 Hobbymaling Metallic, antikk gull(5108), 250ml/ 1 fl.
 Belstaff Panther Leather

* * *

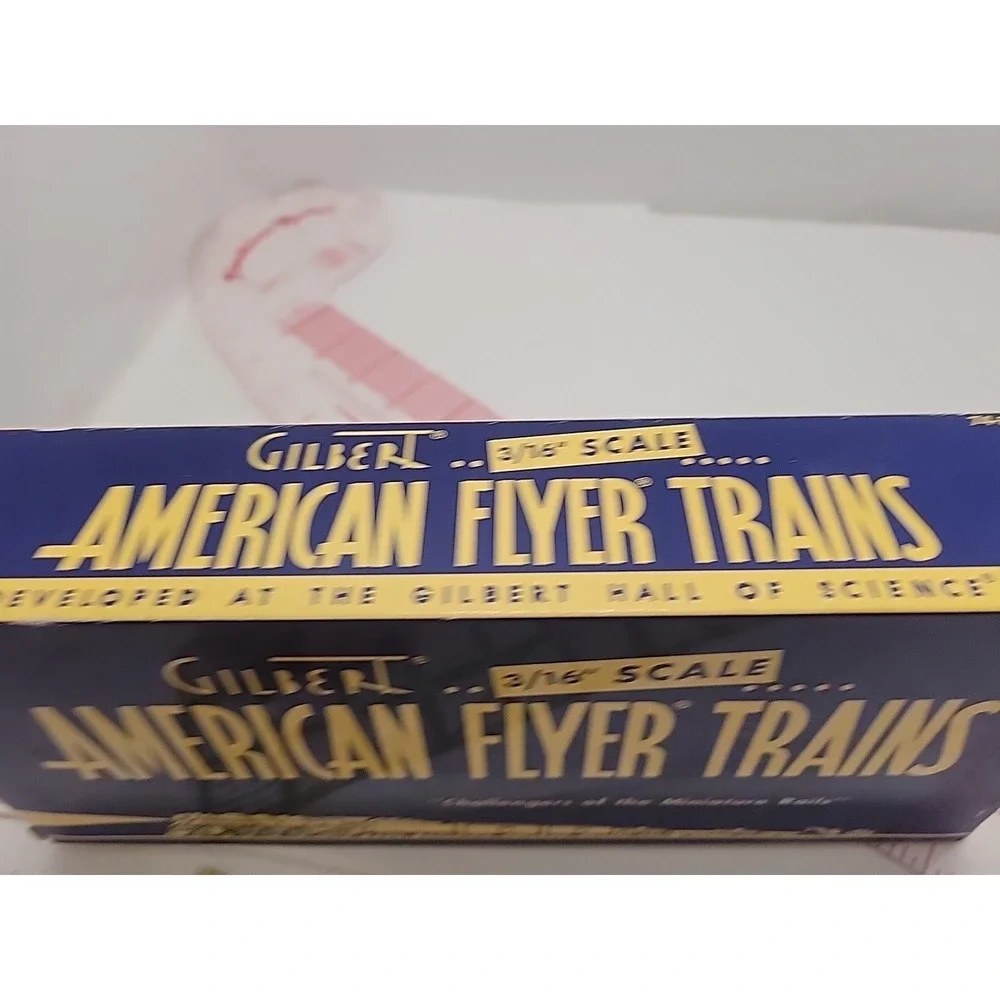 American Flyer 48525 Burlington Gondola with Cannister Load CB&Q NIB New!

Work to complete: For this exercise, output exactly the lines above from the line with "Hobbymaling Metallic, antikk" to the line with "Belstaff Panther Leather", counting both, and leave out the rest.

Completed task:
 Hobbymaling Metallic, antikk gull(5108), 250ml/ 1 fl.
 Belstaff Panther Leather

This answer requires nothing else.